La libertà nella sua accezione più semplice esprime la capacità di poter scegliere il luogo in cui andare. La libertà di movimento è la prima a venir tolta al colpevole una volta incarcerato o al sospetto pericoloso in via precauzionale. Noi tutti invece ci sentiamo liberi di muoverci sempre e ovunque, come rondini. In questi sei anni di libertà in viaggio però, mi sono sentito a volte come una barchetta in balia di onde più grandi, impotente.
È una sensazione che ho provato sovente in quei non luoghi tra quattro mura chiamate Ambasciate. Nonostante avessi in mano il passaporto meno discriminato e più accettato al mondo: il passaporto europeo.
La prima porta chiusa la trovai in Afghanistan e Pakistan.
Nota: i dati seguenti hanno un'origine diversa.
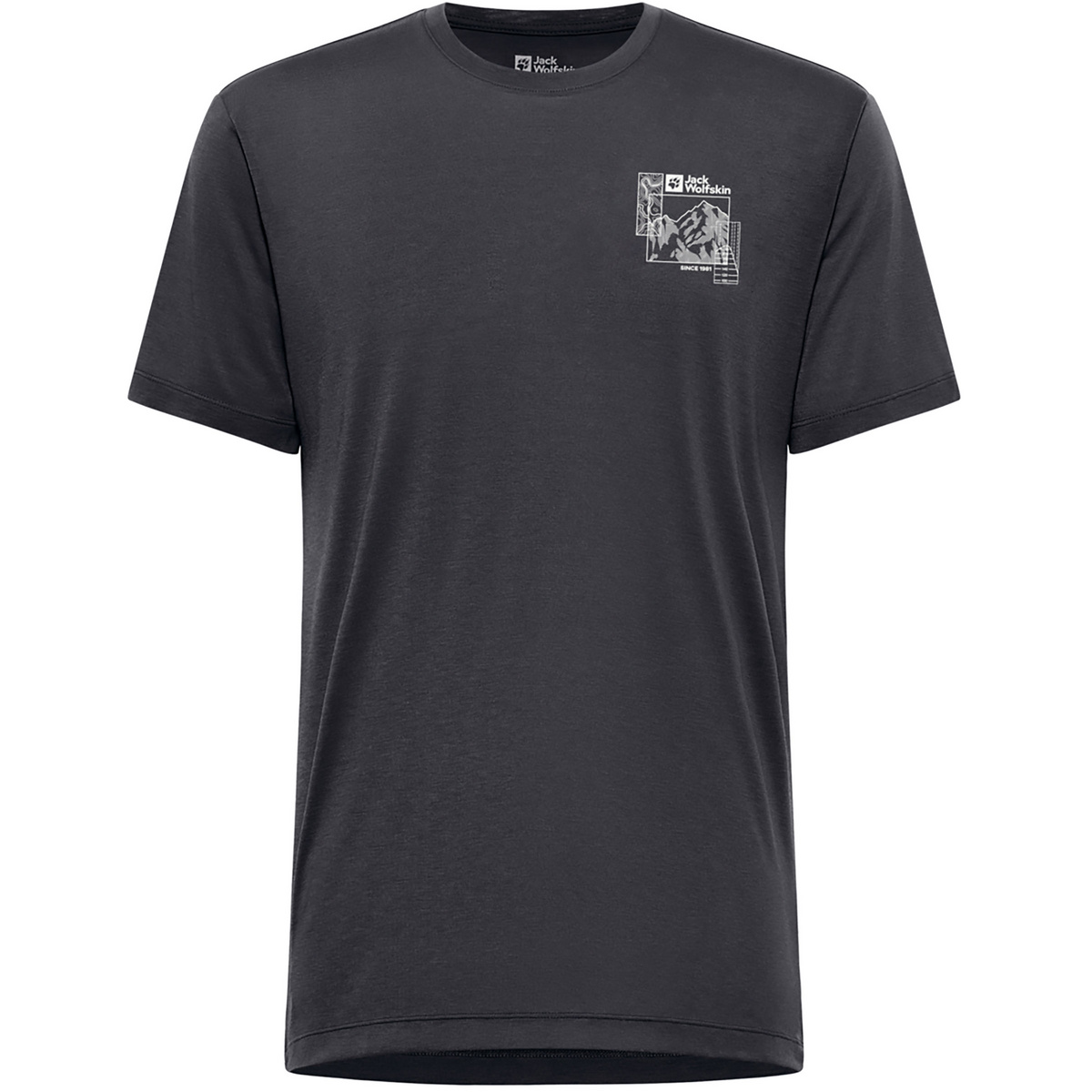 Jack Wolfskin Herren Vonnan Graphic T-Shirt (Größe M, schwarz)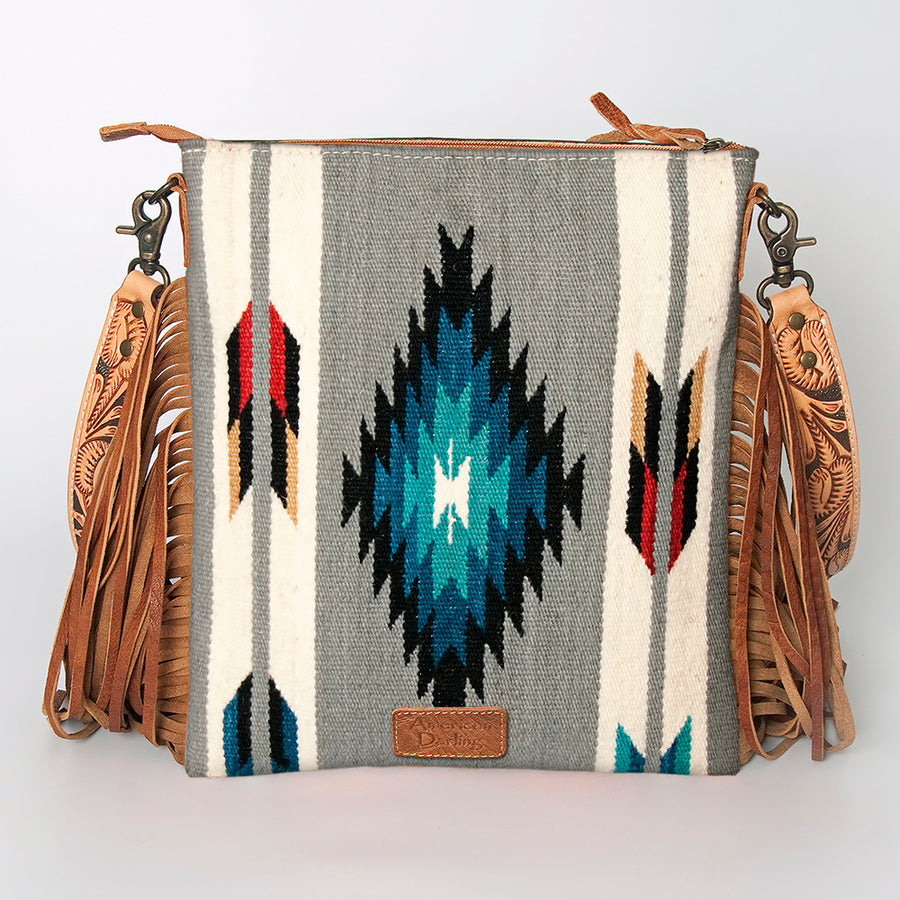 American Darling Large Cross body Bag, Hand Tooled Floral Leather, Hand Woven Saddle Blanket with Fringes, Western Crossbody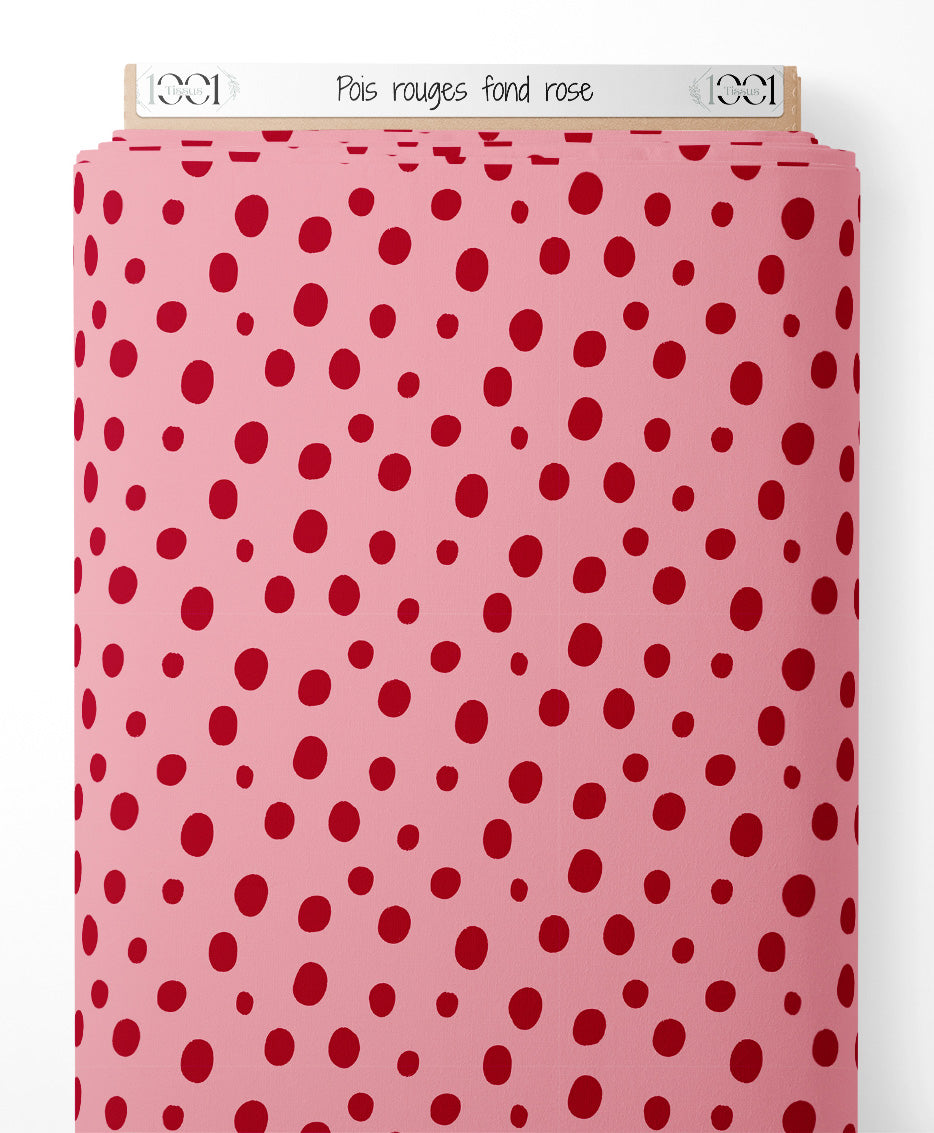 Tissu - Pois rouges sur fond rose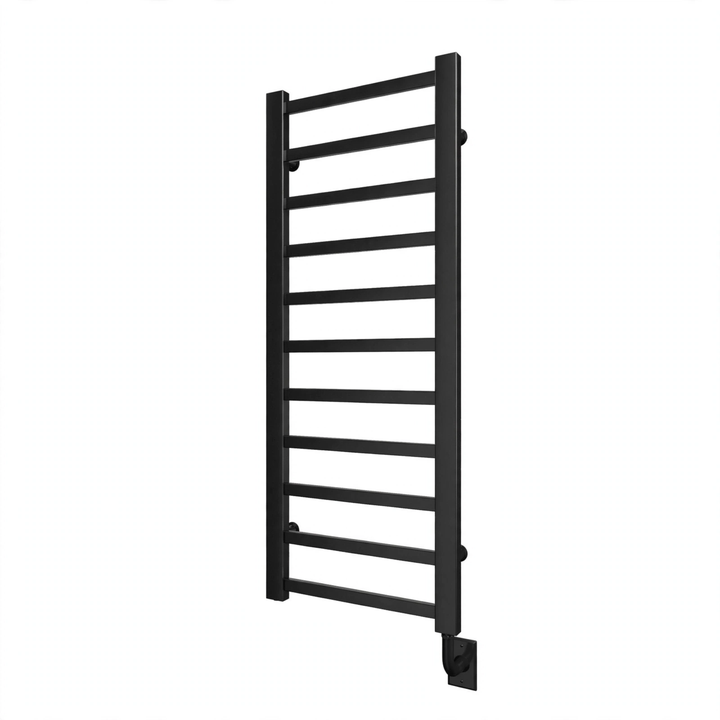 Tuzio Milano Hardwired or Plug-in Towel Warmer (E7033) - 19.5"w x 50.5"h in Matte Black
Il rifiuto recitava: “incapacità di garantire la sicurezza dei turisti causa instabilità politica”. Qualche migliaio di chilometri oltre, il regime della Birmania mi offrì lo stesso rifiuto, in quanto una bicicletta è troppo libera e quindi incontrollabile. Il regime vuole il controllo totale. Un anno dopo, la Corea del Nord non prese neanche in considerazione il nostro possibile transito dalla Siberia alla Corea del Sud. Il dittatore ammette solo gruppi organizzati, obbedienti e ordinati. E io non sono uno Yes Man. Finalmente le Americhe, piacevole oasi di libertà almeno nel movimento. Piacevole per noi europei. Possiamo andare ovunque, anche nel Venezuela stremato o nel Salvador arrabbiato. In ultimo l’Africa. Le burocrazie in ambasciata si complicano, le carte da presentare aumentano, gli inutili timbri moltiplicano.
Il primo Alt ci è arrivato dalla Repubblica Democratica Congo. L’ebola e la guerriglia, le scuse ufficiali; la più grande ruberia mondiale di risorse naturali la triste verità. Poi la Nigeria per il classico cavillo da ufficio, il visto ci sarebbe garantito solo dal nostro paese di origine, ma non dal Camerun dove ci troviamo.
Ora, sorvolata la Nigeria, la strada verso l’Italia sulla carta non sembra troppo complicata. Dal Marocco, Sahara permettendo, con un traghetto e un passaporto “giusto” entreremo in Europa.
Già un passaporto “giusto”…
Non riesco ad immaginare come sarebbe stato questo giro del mondo con un passaporto africano, ma ho l’impressione che avrei trovato molte più porte chiuse. Definitivamente troppe porte chiuse.